The Arts and Humanities Research Council (AHRC) are developing ideas about the next phase of AHRC funded studentships, which will recruit students from October 2019. As part of this process we are looking for the arts and humanities community to reflect and comment on our proposals.

Postgraduate funding is a core element of the AHRC’s overall portfolio, spending over a third of its budget on supporting students.  The AHRC aims to support innovative training environments for doctoral-level research through awards made to Doctoral Training Partnerships. We hope to develop a robust structure where students will have the best opportunities to enable them to complete a high quality research projects and to develop a range of skills, knowledge and understanding necessary for their future employment. 

This next stage of development seeks to build upon the strengths and flexibility of the current arrangements as well as simplify the AHRC’s approach to doctoral funding.

A full outline of the proposed changes can be found AHRC Doctoral Training – Developing the Next Phase (PDF, 332KB).

Dr Ian Lyne, Associate Director for the AHRC commenting on the plans said: “The nature of the PhD in the arts and humanities has evolved considerably in the last few years, with a strong emphasis on providing students with a wide set of skills, and a broad understanding of the variety of careers in which their research training can make an impact.  The proposals we are setting out for discussion seek to build on this development, and set out how we see PhD training further evolve.”

We are proposing that in the next phase:

  • all AHRC studentships will be fully funded over four years to allow time for collaborative partnership work and broader experiences alongside a challenging research project
  • there will be an expectation that all Doctoral Training Partnerships will be collaborative between a number of university partners
  • we will provide funding for specialist networks
  • there will be no upper limit on the number of studentships to be awarded to a single Doctoral Training Partnership
  • there will be a requirement of a minimum level of co-investment from the Universities involved, alongside AHRC funding

Feedback and views are welcome from all interested parties via a Smart Survey. We are hosting two discussion events one in London and one in Leeds; Dr Lyne will outline the current proposals and facilitate discussions with those in attendance about the process and structure of the funding. We will also hold discussion meetings specifically with current AHRC PhD students in order to gain their views.

As part of our on going support for collaborative PhDs, we are also now moving to embed Collaborative Doctoral Awards (CDA) in our existing Doctoral Training Partnerships and Centres for Doctoral Training.

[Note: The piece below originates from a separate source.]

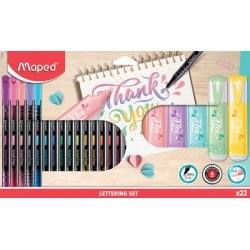 Maped Kit de calligraphie, 22 pièces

This will mean no longer running the stand-alone Collaborative Doctoral Award scheme after the current round, which will start in October 2016.  Collaborative doctoral research, where a PhD student is jointly supervised by a University and non-University supervisor, is and will continue to be a key dimension of the postgraduate training supported by AHRC.

We are keen to stress this will not impact on current CDA students and awards, or applications to the current round. There will also be no change to our Collaborative Doctoral Partnership scheme (which makes awards via major cultural institutions and consortia of non-university organisations). There are further FAQs (PDF, 115KB) available regarding this change.

Dr Lyne said: “The move to embed Collaborative Doctoral Awards within our existing Doctoral Training Partnerships reflects our view that this important form of PhD should now not be seen as a separate, special case.  Rather, it fits alongside the way that existing PhD training in the arts and humanities is changing in order to provide students with wider experience outside of their University environment.  Our existing Doctoral Training Partnerships and Centres for Doctoral Training are all developing extensive partnership arrangements with cultural and community organisations, as well as wider civic bodies and creative SMEs. They are therefore, are well-placed to discuss the development of collaborative doctoral projects alongside their other partnership work.”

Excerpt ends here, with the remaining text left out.